In English, we generally differentiate adverbs and adjectives by adding the ending –ly to adjectives to form adverbs (for example: “hot”, “hotly”). In German, there is no such visible difference when a word is used either as an adverb or as an adjective. (Recall, however, Recognizing Adverbs vs. Adjectives in Unit 4.) This applies even for comparative and superlative adjectives. In all cases you can tell from the context which meaning is being used.
Das Kind liest gut.
The child reads well.
Er läuft schneller.
He runs more quickly.
Sie läuft am schnellsten.
She runs fastest.
There are a few commonly used superlative words that are used only as adverbs such as höchst (highly), äußerst (extremely), and meistens (mostly). For instance,
Dieses Buch ist höchst interessant.
This book is (highly / most) interesting.

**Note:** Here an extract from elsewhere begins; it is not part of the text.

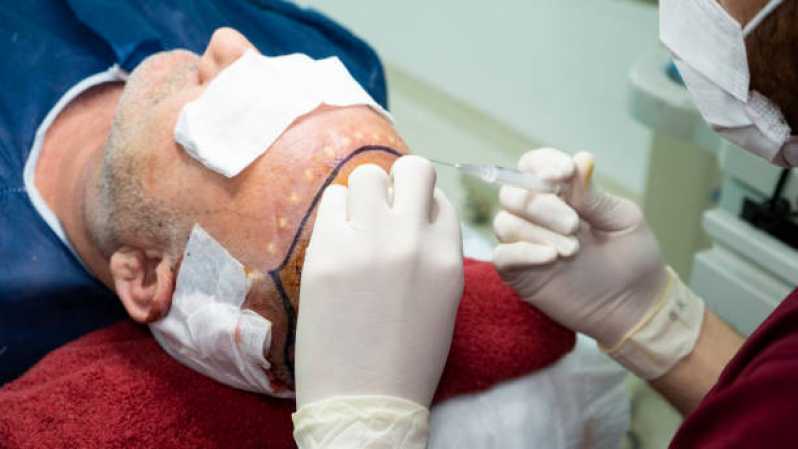 Clínica Que Faz Implante de Cabelo Masculino Sousas Park - Implante de Cabelo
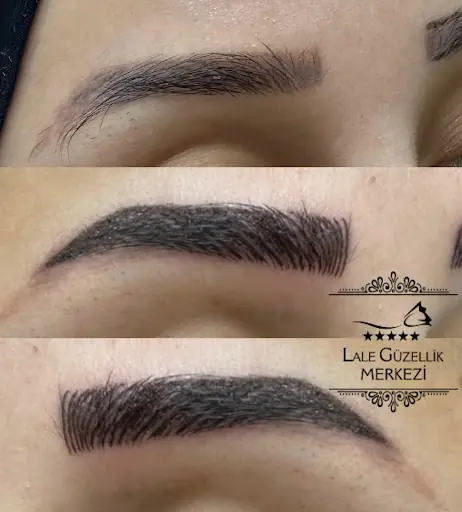 LALE GÜZELLİK SALONU Lazer epilasyon ve cilt bakım hizmetleri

You will often see superlative constructions with am used in an adverbial sense, especially based on the adverbial meanings of the superlative adjectives best– (best), meist– (most), and wenigst– (least):
Meine Freunde haben gute Boote, aber mein Boot ist am besten ausgestattet.
My friends have good boats, but my boat is best equipped.
Sylvias Boot ist am wenigsten ausgestattet.
Sylvia’s boat is the least equipped.
Sylvia brauchte am meisten unsere Hilfe.
Sylvia needed our help the most.
If you are curious about the relation between gut and best, bear with us until the next unit.